It’s a wonderful animated version of Noam Chomsky’s thesis from “Manufacturing Consent”[amazon] narrated by Amy Goodman. It’s all compressed down to 5 minutes, which is pretty impressive.
I’m sure it’s no coincidence that the image at 3:54 – flack machines diverting attention toward a common enemy – looks eerily familiar.
To fit into 5 minutes, Chomsky’s analysis is dramatically simplified and it relies heavily on vigorous assertion. In that sense, it’s also a propaganda-piece – and it’s being distributed by Al Jazeera, a propaganda mouthpiece, on youtube, a propaganda vehicle. I do think, however, that it’s a legitimate critique of the “mainstream media” – which seems to divide between “in favor of corporatism” (advertising) and “in favor of the establishment” (will kowtow for access) – except, of course, for the ones that are both.

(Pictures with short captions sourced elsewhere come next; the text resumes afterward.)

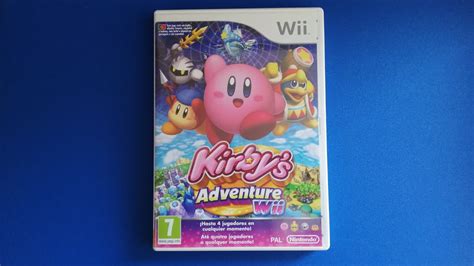 🎮 Kirbys Adventure Para Nintendo Wii Pequeño Gameplay Youtube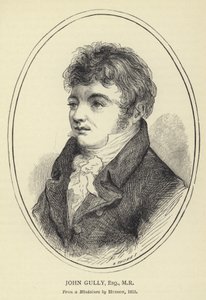 John Gully, Esquire, MR by English School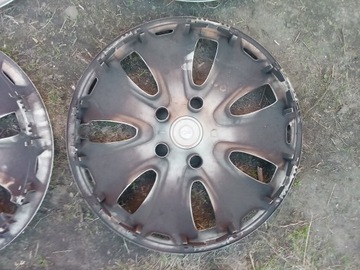 КОЛПАКИ FORD 16 ДЮЙМОВ, 4 ШТ., ОРИГИНАЛ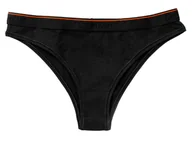 Majtki damskie - Figi Heron Preston Calvin Klein High Waisted Tanga 0040174WBE UB1 r.S - miniaturka - grafika 1
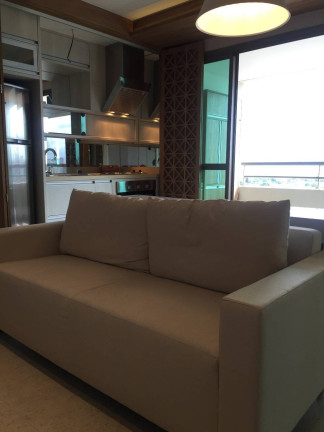 Imagem Apartamento com 1 Quarto para Alugar, 40 m² em Brooklin Paulista - São Paulo Imagem Apartamento com 1 Quarto para Alugar, 40 m² em Brooklin Paulista - São Paulo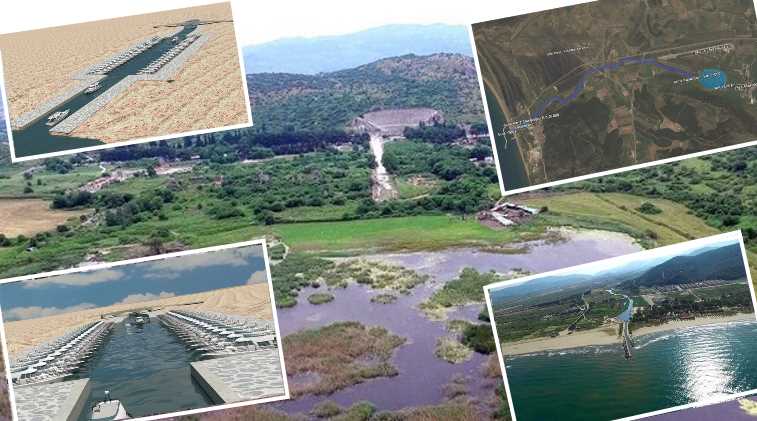 До Эфеса можно будет доплыть спустя 2500 лет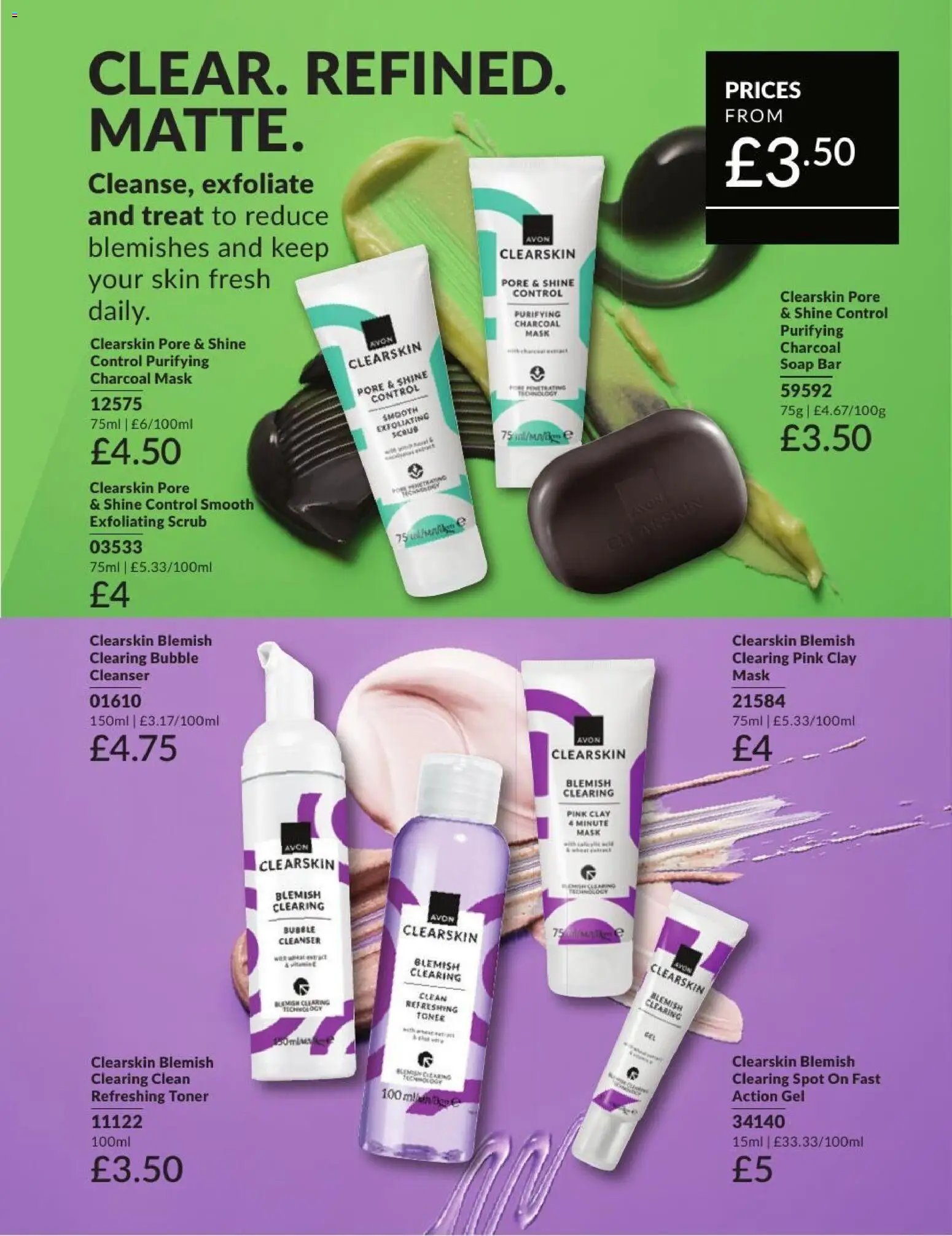 AVON offer from 01/08/2026 AVON - Offers
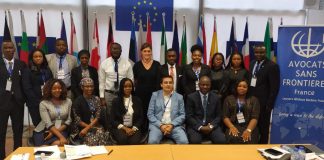 EU, ASF France train lawyers on increasing legal aid for inmates on death row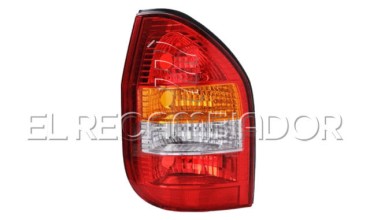 REAR LAMP Left side (driver) OPEL ZAFIRA (99-05) - 16536531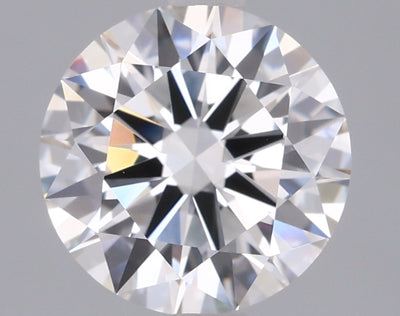 2.01 Carat Round Lab Diamond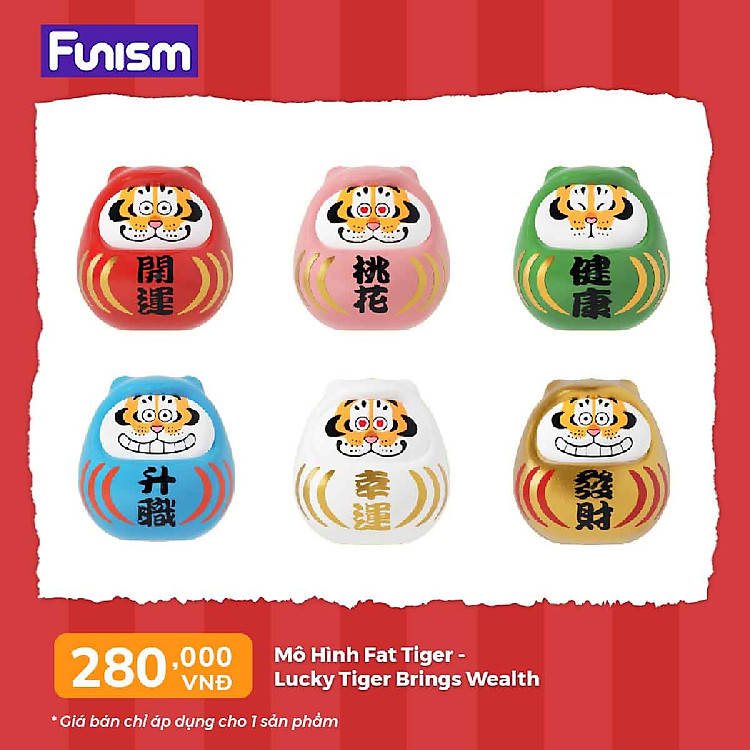 Đồ Chơi Mô Hình Alexander The Fat Tiger Chính hãng Giá tốt - Hình ảnh 3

What Chomsky describes is not a conspiracy; there is no “deep state” that is controlling the media – it’s what I call an “emergent conspiracy” – a combination of what happens where shared interests and a desire to get things done result in a push in a general direction. Once the push starts to succeed, it is reinforced because “see? that worked!” Looking at it from the outside, you can see how everyone appears to be taking advantage of the situation and coordinating their actions, but really its perceived self-interest interacting with other perceived self-interests to create what can, sometimes, appear to be very focused and organized. I doubt that anyone in major media outlets (except perhaps FOX) wakes up and thinks “another day of downplaying political disasters in order to maintain my access!” – they convince themselves that in order to maintain their access they have to do a few things: but their access is what gives them power and losing access lessens them. Of course, that same dynamic, from the side of the politician, works the same way – it’s what Chuck Spinney calls “a self-licking ice cream cone.”